While video content is often stored in rather large files or broadcasted in continuous streams, users are often interested in retrieving only a particular passage on a topic of interest to them. It is, therefore, necessary to split video documents or streams into shorter segments corresponding to appropriate retrieval units. We propose here a method for the automatic segmentation of TV news videos into stories. A-multiple-descriptor based segmentation approach is proposed. The selected multimodal features are complementary and give good insights about story boundaries.
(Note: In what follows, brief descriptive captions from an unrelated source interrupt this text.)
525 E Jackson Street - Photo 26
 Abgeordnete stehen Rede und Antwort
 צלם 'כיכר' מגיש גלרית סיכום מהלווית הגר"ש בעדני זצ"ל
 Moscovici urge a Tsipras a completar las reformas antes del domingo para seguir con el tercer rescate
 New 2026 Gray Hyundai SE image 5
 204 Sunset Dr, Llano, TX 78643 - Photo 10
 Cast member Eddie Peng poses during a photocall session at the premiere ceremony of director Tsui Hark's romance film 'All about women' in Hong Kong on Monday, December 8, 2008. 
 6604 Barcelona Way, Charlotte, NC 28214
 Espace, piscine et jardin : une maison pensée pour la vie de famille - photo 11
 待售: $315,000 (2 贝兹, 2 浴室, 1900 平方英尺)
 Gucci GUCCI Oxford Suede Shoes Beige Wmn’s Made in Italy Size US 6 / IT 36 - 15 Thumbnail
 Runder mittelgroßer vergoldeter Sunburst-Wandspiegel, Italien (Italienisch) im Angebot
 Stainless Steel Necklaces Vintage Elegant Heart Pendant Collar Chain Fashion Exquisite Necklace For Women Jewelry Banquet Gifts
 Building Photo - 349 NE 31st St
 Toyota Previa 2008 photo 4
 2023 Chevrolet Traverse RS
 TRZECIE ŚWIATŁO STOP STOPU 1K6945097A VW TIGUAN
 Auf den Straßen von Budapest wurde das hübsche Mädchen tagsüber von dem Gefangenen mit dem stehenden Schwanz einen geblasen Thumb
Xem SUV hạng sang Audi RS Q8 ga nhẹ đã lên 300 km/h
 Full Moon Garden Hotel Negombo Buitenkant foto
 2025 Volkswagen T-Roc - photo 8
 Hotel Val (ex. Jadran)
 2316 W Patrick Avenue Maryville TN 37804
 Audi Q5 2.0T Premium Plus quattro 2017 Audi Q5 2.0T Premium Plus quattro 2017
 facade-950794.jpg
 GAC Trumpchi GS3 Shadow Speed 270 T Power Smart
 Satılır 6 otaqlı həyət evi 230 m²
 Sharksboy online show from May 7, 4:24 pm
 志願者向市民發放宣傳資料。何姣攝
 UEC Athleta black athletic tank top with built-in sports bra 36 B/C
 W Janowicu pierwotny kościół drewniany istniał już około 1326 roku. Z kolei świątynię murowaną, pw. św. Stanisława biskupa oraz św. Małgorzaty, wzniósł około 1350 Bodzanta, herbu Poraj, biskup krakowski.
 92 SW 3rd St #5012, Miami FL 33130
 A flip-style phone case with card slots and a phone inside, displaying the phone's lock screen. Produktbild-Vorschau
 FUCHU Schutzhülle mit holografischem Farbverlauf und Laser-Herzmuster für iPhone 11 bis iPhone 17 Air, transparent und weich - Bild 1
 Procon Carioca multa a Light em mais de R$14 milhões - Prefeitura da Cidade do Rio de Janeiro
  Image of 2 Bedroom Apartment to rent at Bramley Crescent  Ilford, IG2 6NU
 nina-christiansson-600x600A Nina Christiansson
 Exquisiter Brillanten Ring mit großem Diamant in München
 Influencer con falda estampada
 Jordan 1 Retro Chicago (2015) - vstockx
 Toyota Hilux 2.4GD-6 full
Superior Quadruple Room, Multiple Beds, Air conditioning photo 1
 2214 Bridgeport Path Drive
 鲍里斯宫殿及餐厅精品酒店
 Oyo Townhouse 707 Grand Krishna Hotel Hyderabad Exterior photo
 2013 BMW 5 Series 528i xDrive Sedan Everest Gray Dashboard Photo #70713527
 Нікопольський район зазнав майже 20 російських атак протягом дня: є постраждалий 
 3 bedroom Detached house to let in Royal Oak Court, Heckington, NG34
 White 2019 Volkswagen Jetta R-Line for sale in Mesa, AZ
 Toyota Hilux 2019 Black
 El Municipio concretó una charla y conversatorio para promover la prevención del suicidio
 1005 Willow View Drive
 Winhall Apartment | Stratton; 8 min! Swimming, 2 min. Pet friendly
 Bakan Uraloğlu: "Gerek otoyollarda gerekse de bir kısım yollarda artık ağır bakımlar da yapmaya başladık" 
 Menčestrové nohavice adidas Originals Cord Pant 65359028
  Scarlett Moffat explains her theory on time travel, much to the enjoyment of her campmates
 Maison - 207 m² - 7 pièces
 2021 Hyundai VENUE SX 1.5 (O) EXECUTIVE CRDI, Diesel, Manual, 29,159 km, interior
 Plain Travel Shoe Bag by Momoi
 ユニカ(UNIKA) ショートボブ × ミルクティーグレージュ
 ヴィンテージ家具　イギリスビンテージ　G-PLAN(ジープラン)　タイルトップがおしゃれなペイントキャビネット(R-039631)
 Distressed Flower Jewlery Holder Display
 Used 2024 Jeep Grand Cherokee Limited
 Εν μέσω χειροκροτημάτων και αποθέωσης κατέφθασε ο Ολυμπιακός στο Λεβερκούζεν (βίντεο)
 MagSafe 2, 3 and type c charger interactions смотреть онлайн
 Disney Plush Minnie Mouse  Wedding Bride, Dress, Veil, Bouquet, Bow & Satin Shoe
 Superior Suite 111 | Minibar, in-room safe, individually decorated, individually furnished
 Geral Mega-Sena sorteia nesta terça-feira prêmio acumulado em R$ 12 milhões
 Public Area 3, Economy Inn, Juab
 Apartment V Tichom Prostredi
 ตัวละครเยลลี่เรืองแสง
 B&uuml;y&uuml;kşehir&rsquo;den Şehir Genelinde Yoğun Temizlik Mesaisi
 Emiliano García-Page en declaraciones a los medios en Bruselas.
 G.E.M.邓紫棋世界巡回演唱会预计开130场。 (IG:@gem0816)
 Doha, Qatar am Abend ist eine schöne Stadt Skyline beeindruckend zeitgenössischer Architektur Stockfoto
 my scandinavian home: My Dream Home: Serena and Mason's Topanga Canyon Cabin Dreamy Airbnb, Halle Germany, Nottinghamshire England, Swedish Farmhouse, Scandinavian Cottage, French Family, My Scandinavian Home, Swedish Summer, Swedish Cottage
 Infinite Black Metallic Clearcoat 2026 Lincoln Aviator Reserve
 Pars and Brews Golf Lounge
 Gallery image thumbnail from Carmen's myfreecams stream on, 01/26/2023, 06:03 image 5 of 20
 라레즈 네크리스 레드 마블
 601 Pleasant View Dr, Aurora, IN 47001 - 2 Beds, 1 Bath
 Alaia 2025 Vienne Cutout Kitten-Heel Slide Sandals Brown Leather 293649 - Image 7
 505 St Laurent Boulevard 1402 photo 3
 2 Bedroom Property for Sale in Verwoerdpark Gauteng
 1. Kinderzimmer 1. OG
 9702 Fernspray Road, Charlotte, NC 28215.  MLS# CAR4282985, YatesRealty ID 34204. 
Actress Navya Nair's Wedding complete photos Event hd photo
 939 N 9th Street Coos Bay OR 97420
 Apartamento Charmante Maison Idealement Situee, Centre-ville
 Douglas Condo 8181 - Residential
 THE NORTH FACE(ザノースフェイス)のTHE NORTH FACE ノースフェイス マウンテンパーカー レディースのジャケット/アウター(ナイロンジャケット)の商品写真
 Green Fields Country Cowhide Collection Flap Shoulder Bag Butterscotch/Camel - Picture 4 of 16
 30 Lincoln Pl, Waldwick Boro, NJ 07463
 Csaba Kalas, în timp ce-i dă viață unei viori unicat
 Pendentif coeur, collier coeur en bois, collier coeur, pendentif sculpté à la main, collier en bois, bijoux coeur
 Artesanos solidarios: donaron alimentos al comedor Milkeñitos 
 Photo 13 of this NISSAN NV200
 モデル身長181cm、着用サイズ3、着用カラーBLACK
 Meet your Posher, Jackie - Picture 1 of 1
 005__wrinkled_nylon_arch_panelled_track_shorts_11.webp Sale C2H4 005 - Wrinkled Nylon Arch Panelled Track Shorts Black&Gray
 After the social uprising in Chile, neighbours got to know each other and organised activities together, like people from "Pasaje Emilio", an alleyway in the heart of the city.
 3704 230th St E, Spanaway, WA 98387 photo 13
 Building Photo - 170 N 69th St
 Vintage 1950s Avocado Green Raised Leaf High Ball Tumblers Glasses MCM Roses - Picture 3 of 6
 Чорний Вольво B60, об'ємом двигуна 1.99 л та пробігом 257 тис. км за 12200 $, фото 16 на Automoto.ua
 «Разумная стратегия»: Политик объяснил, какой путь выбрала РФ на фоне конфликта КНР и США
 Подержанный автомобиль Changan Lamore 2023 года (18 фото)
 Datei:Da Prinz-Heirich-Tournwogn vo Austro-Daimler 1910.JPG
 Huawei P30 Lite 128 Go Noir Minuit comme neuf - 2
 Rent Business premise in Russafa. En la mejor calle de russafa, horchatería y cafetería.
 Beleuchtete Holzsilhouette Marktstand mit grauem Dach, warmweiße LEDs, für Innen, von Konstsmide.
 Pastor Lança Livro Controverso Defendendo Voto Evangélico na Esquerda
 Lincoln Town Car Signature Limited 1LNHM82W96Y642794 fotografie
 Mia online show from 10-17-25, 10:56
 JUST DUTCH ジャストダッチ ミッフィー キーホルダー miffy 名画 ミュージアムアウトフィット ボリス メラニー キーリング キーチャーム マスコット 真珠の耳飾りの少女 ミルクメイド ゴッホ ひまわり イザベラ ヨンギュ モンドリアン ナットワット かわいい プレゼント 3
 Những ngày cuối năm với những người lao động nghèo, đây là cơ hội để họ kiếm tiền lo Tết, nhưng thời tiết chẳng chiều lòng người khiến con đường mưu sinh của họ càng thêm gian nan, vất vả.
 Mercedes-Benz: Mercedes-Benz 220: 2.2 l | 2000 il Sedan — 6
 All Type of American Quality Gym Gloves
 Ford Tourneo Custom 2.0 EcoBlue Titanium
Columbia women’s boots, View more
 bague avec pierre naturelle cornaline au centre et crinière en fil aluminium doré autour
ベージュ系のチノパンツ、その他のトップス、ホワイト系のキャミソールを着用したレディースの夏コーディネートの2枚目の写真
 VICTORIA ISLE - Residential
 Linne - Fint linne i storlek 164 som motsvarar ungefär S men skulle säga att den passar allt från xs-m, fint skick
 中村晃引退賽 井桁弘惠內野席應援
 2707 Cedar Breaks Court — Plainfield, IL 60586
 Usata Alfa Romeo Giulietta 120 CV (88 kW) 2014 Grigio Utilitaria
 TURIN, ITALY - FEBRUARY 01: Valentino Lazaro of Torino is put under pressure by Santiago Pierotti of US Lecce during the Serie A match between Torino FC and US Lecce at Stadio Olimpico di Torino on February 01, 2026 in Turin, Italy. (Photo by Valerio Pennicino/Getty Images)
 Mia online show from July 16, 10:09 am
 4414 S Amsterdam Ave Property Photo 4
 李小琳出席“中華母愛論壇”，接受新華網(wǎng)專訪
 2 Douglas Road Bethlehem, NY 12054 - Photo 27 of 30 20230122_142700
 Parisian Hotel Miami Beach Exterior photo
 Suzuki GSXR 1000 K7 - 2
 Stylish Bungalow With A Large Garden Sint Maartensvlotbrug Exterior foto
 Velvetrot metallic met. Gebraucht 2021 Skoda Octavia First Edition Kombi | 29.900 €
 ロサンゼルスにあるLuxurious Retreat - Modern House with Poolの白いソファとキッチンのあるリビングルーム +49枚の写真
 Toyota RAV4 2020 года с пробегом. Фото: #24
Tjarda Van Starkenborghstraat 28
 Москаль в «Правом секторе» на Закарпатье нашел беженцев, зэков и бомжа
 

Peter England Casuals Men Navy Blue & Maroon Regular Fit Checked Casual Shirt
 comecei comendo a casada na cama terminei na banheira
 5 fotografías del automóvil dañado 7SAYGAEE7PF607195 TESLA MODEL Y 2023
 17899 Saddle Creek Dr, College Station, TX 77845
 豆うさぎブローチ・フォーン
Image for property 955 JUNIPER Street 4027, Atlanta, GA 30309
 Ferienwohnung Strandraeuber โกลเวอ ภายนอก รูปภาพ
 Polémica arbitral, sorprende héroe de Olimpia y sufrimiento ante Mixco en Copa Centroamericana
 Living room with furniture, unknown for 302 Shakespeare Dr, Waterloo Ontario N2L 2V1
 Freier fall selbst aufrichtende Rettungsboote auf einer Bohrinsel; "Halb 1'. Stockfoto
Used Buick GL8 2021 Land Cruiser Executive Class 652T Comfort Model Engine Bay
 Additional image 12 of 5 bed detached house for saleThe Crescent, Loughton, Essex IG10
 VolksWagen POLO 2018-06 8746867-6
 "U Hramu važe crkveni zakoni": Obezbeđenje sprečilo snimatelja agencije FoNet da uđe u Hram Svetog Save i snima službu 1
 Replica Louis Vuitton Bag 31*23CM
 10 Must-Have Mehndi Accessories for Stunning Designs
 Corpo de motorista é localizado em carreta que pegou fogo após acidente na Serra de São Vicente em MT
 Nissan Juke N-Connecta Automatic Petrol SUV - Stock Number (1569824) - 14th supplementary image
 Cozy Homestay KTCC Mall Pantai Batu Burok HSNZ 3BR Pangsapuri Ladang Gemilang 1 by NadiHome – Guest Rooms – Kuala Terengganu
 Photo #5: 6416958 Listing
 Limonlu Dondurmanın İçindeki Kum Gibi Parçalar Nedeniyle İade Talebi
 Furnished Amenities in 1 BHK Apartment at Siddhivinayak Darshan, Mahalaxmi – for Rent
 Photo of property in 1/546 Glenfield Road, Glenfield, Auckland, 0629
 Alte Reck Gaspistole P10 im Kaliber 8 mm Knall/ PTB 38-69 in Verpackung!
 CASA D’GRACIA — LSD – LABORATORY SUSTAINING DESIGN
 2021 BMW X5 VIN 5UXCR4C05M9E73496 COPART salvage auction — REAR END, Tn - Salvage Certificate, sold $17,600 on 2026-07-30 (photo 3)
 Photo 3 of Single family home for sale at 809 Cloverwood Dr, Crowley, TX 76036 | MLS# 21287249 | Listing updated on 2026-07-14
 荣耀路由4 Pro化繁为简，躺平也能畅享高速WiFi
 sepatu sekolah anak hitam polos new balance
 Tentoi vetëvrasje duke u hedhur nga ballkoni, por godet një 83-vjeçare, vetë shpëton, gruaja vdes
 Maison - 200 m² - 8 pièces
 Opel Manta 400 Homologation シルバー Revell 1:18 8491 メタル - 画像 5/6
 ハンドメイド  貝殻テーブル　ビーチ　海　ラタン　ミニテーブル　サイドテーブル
Once extracted, these features are expanded with a local temporal context and combined by an early fusion process. The story boundaries are then predicted using machine learning techniques. We investigate the system by experiments conducted using TRECVID 2003 data and protocol of the story boundary detection task, and we show that the proposed approach outperforms the state-of-the-art methods while requiring a very small amount of manual annotation.
基于多模态的电视新闻视频故事自动分割
虽然视频内容通常存储在相当大的文件中或以连续流的形式播放,但用户通常只对检索他们感兴趣的主题的特定段落感兴趣。因此,有必要将视像文件或视像流分成与适当检索单元相对应的较短片段。本文提出了一种将电视新闻视频自动分割成故事的方法。提出了基于a -多描述符的分割方法。所选择的多模式特征是互补的,可以很好地了解故事边界。一旦提取出来,这些特征就会被扩展到局部时间背景中,并通过早期融合过程进行组合。然后使用机器学习技术预测故事边界。我们使用TRECVID 2003数据和故事边界检测任务协议对该系统进行了实验研究,结果表明,该方法在需要非常少的手工注释的同时,优于当前最先进的方法。
本文章由计算机程序翻译,如有差异,请以英文原文为准。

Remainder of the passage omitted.